Departing into the Romantic Universe: August Wilhelm Schlegel (Freies Deutsches Hochstift – Frankfurter Goethe-Museum, 5 September-12 November 2017)
September 5th 2017 marks the 250th anniversary of one of the central characters of German and European Romanticism: the author, translator and philologist August Wilhelm Schlegel (1767–1845). He was the most cosmopolitan of the German romanticists, a ‘universal poet’ and a ‘universal scholar’ whose thirst for knowledge extended far beyond its literary aspects. Being used to crossing cultural, artistic and scientific frontiers, he was always searching for differences on his journeys in order to find common ground between European and Indian culture. From 1804 until 1817 he lived together with Germaine de Staël, acting as a teacher for her children as well as a conversation partner and consultant concerning questions of German, French and European culture. In the process he brought the ideas of German Romanticism to Europe.
Like no other of his contemporaries, August Wilhelm Schlegel acted as a mediator between cultures: his translations of great works of world literature in different languages like English, Spanish, Italian and Portuguese are still well respected, particularly his Shakespeare translations, which are exemplary even by today’s standards.
For a long time, the outstanding importance of August Wilhelm Schlegel for German and European Romanticism was underestimated. It is only recently that this innovative and versatile author and intellectual could be fully rediscovered by working through the testimonies of his life and works, many of which can be found in the collection of Freies Deutsches Hochstift.

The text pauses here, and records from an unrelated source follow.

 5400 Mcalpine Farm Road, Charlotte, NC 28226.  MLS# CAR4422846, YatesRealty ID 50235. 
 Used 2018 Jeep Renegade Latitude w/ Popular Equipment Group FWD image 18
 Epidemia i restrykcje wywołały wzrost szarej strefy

The exhibition at the Freies Deutsches Hochstift on the occasion of August Wilhelm Schlegel’s 250th birthday wants to bring to life this ‘universal poet’ by showing originals (work manuscripts, correspondence, portraits, graphics, Schlegel’s Indian miniature collection etc.) that are little known at present. In addition, it will offer multi-media-based access. The centre of the exhibition will be Schlegel’s intercultural work that flourished anew at every single place in Europe that he visited.

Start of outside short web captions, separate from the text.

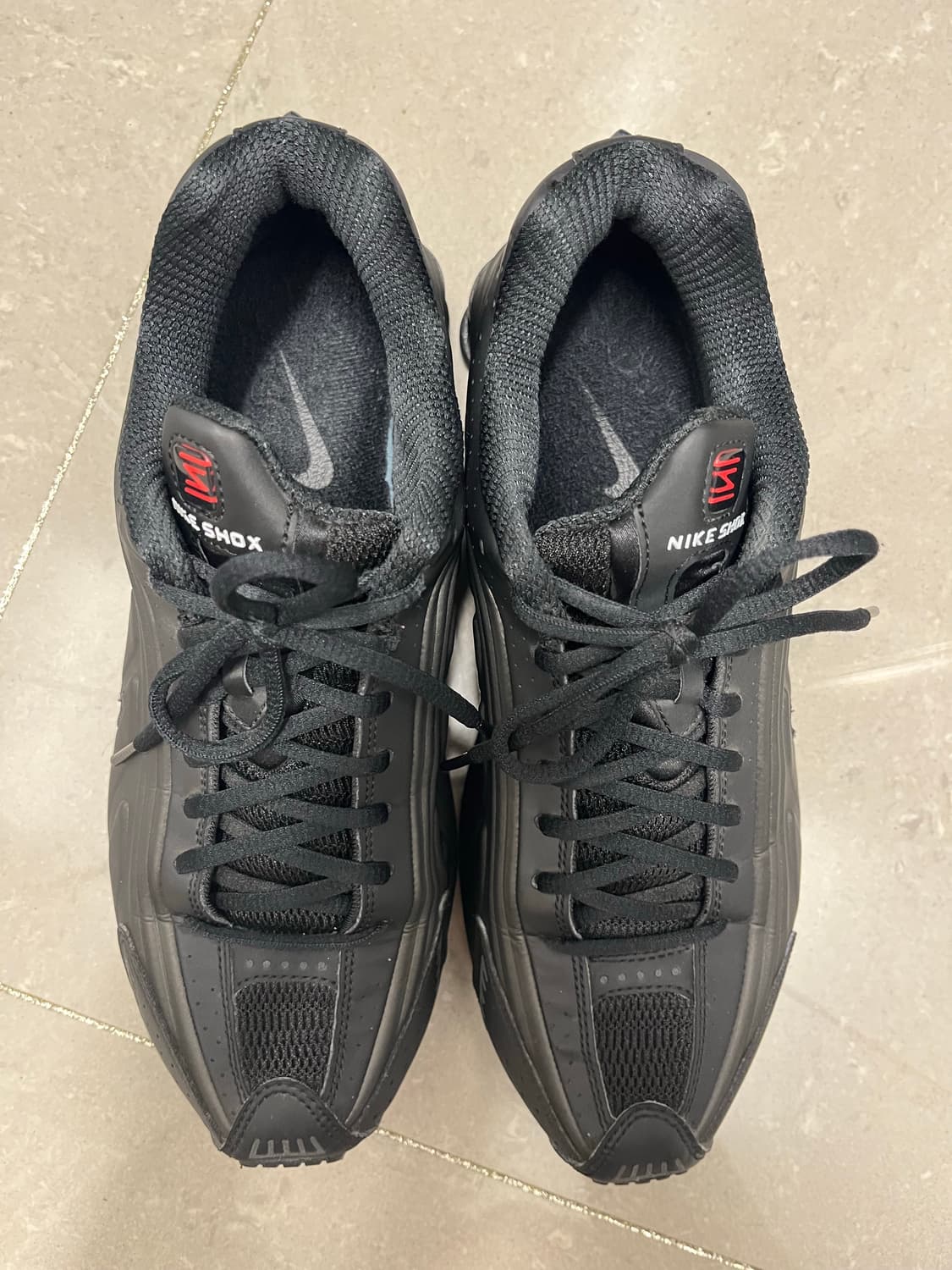 샥스 R4 M - 블랙:블랙:브라이트 크림슨:블랙 / 270 상품이미지2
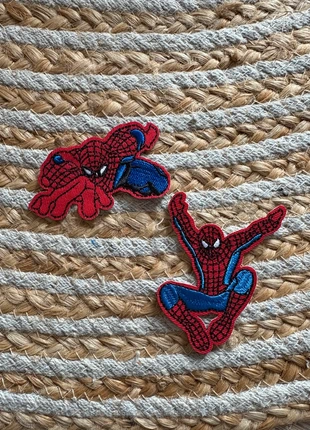 Lot de 2 ecussons thermocollant Spider Man, zustand: Sehr gut, 4,50 €, 5,43 € beinhaltet Vinted-Käuferschutz Pro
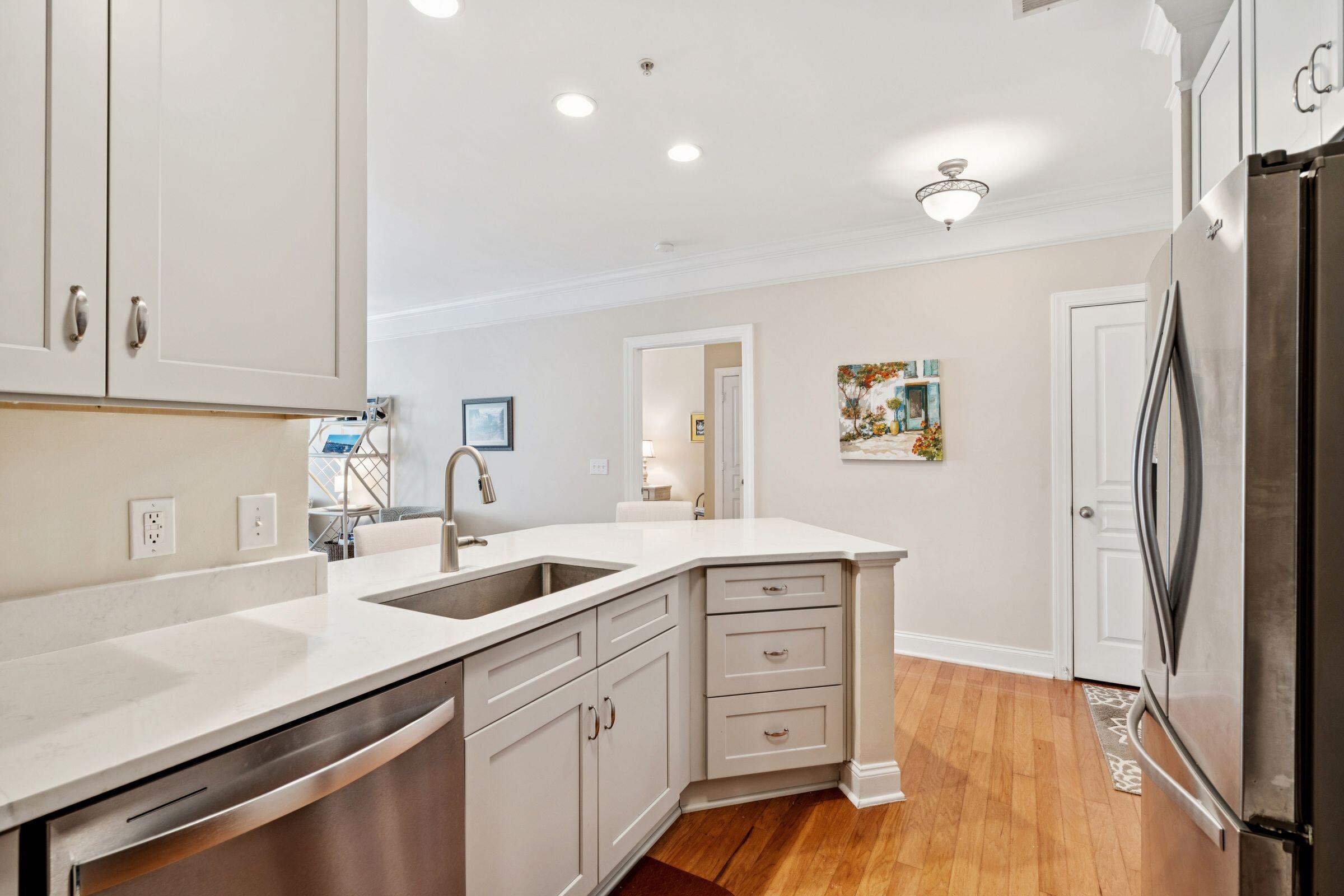 1025 Riverland Woods Place 513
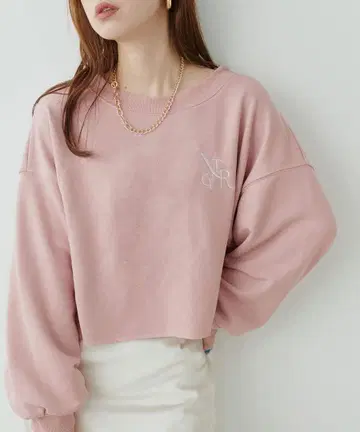 내추럴 꾸뛰르 자수 로고 쭈리 풀오버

On the 28th August 2017 – the day which marks Goethe’s birthday – there will be a preview of the exhibition. After the official opening on 5th September 2017, the exhibition will be on display until the 12th November 2017. After that, the exhibition will be modularized to be adapted to the needs of the locations to follow: Ernst-Moritz-Arndt-Haus in Bonn, University Library of Philipps-University in Marburg and the Literature Museum Romantikerhaus in Jena.